I'll download your model and try it myself. This is an interesting case.
@lannelin, I tried to reproduce it on a smaller example:
class ReLUDeepLiftModel(nn.Module):
def __init__(self) -> None:
super().__init__()
self.relu1 = nn.ReLU()
self.relu2 = nn.ReLU()
self.softmax = torch.nn.Softmax(dim=-1)
def forward(self, x1, x2, x3=2):
return self.softmax(2 * self.relu1(x1) + x3 * self.relu2(x2 - 1.5))
x1 = torch.tensor([[1.0, 1.0, 0.0]], requires_grad=True)
x2 = torch.tensor([[2.0, 2.0, -1.0]], requires_grad=True)
b1 = torch.tensor([[0.0, 0.0, 0.0]], requires_grad=True)
b2 = torch.tensor([[0.0, 0.0, 0.0]], requires_grad=True)
inputs = (x1, x2)
baselines = (b1, b2)
model = ReLUDeepLiftModel()
dl = DeepLift(model)
attr = dl.attribute(inputs=(x1, x2), target=0)
model(x1, x2)[:, 0] - model(b1,b1)[:, 0], attr[0].sum() + attr[1].sum()
summation to delta seems to work only if I use nonlinear rule for softmax.
Ah, interesting! Thanks! I'm a bit short on time right now but I'll try and play with this in the new year. Happy holidays :)
Hi all,
Thanks for all your amazing work on captum!
Upon modifying a huggingface/transformers BERT model to explicitly initialise softmax in
__init__
as per suggestion in https://github.com/pytorch/captum/issues/347#issuecomment-616864035 I see a massive increase in the magnitude of the DeepLift delta (delta goes from -1.9306 to -12386754. on the same inputs).I appreciate that there are other issues with this model (e.g. hidden activations not being initialised). I'm not sure whether these play a part in the issue. I was hoping to isolate just the softmax in the first instance.

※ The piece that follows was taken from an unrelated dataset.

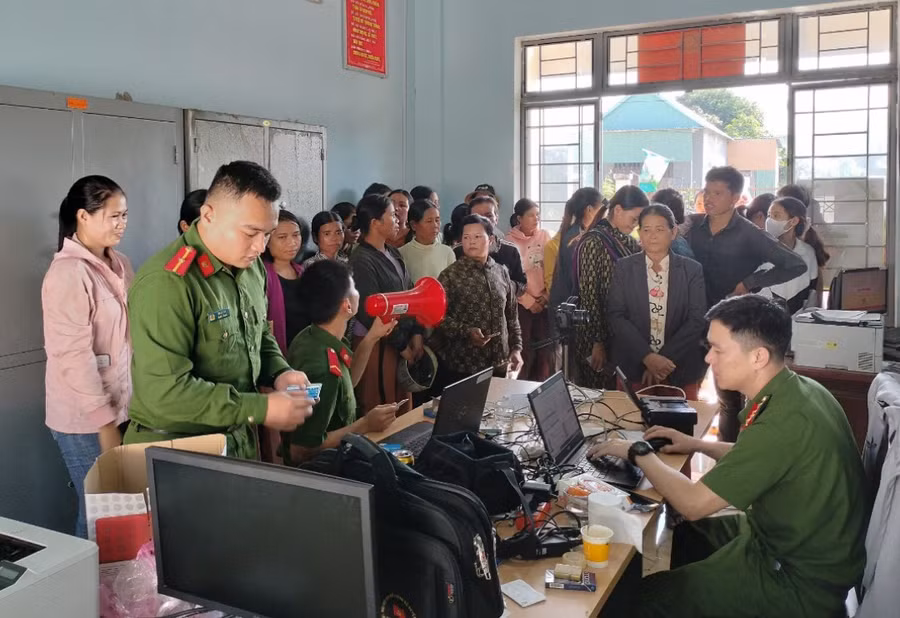 Công an huyện Ia Pa hướng dẫn công dân đủ điều kiện kích hoạt tài khoản định danh điện tử. Ảnh R.H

I have created a notebook to demonstrate the issue that uses a fork of the transformers repo. I'm not sure if this is the best way to share/demonstrate. Please let me know if there's a more convenient method. https://colab.research.google.com/drive/1OB4kkTP4I6R9t4XtQFB6braL8cP83nX5?usp=sharing
It's also maybe worth noting that the actual attributions, both before and after this softmax change, are quite misleading (especially in contrast to Integrated Gradients). Though not entirely unexpected given other issues mentioned.
Any advice that you could share would be appreciated!